Linear and Nonlinear Regression

Navigating Trends with Linear and Nonlinear Regression in Machine Learning
code
Author

Hannah Lyons

Published

October 20, 2023

Introduction

Regression, a fundamental concept in machine learning, enables us to model relationships between variables. Whether predicting house prices based on square footage or analyzing the impact of advertising spend on sales, regression plays a pivotal role in understanding and predicting patterns in data.

Data Visualization

I use the following colors in all of my blogs data visualizations

# Define specific colors (same as CSS from quarto vapor theme)
background = '#1b133a'
pink = '#ea39b8'
purple = '#6f42c1'
blue = '#32fbe2'

I will use the following plot_scatter function to create the data visualizations on this page

import matplotlib.pyplot as plt

def plot_scatter(X, X_Range, ax_plot, title):
  fig, ax = plt.subplots()
  scatter = ax.scatter(X, y, color=blue, edgecolor='black', alpha=0.6)
  ax.plot(X_Range, ax_plot, color=purple, linewidth=2)
  ax.set_title(title, color=purple)
  ax.set_xlabel('Feature', color=blue)
  ax.set_ylabel('Target', color=blue)
  ax.grid(True, linestyle='--', alpha=0.5)
  ax.tick_params(axis='x', colors=blue)
  ax.tick_params(axis='y', colors=blue)
  ax.set_facecolor(pink)
  fig.set_facecolor(background)
  plt.show()

Linear Regression

Linear regression is a straightforward method for modeling linear relationships between variables. In a simple linear regression model, the relationship is expressed as \(y=mx+b\) where \(y\) is the target variable, \(x\) is the feature, \(m\) is the slope, and \(b\) is the intercept. For multiple features, the equation becomes a linear combination.

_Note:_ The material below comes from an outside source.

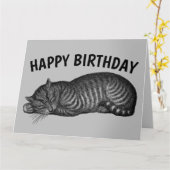 TABBY CAT NAP, EAT CAKE, BIRTHDAY KAART (Gele Bloem)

Linear regression can be implemented effortlessly using Python’s scikit-learn library. Let’s generate a synthetic dataset and visualize the linear regression line:

import numpy as np
from sklearn.linear_model import LinearRegression

# Generate synthetic linear data
np.random.seed(42)
X = 2 * np.random.rand(100, 1)
y = 4 + 3 * X + np.random.randn(100, 1)

# Train linear regression model
linear_reg = LinearRegression()
linear_reg.fit(X, y)

# Visualize the linear regression line
ax_plot = linear_reg.predict(X)
plot_scatter(X, X, ax_plot, 'Linear Regression')

Nonlinear Regression

While linear regression is powerful, not all relationships are linear. Nonlinear regression extends the concept by accommodating more complex patterns. Polynomial regression is a common technique, where the relationship between variables is expressed as a polynomial equation.

Let’s use Python to implement nonlinear regression through polynomial regression. This time, we’ll generate a synthetic dataset with a nonlinear relationship:

from sklearn.preprocessing import PolynomialFeatures
from sklearn.linear_model import LinearRegression
from sklearn.pipeline import make_pipeline

# Generate synthetic nonlinear data
np.random.seed(42)
X = 6 * np.random.rand(100, 1) - 3
y = 0.5 * X**2 + X + 2 + np.random.randn(100, 1)

# Train nonlinear regression model (polynomial regression)
degree = 2
poly_reg = make_pipeline(PolynomialFeatures(degree), LinearRegression())
poly_reg.fit(X, y)

# Visualize the nonlinear regression curve
X_range = np.linspace(-3, 3, 100).reshape(-1, 1)
ax_plot =  poly_reg.predict(X_range)
plot_scatter(X, X_range, ax_plot, 'Nonlinear Regression (Polynomial)')

The power of regression becomes evident when we visualize the results. Scatter plots with regression lines or curves help us understand how well the model captures the underlying patterns in the data.

In conclusion, linear and nonlinear regression are indispensable tools in the machine learning toolbox. While linear regression is effective for simple relationships, nonlinear regression allows us to model more complex patterns. The ability to implement these techniques with Python makes them accessible and applicable to a wide range of real-world scenarios.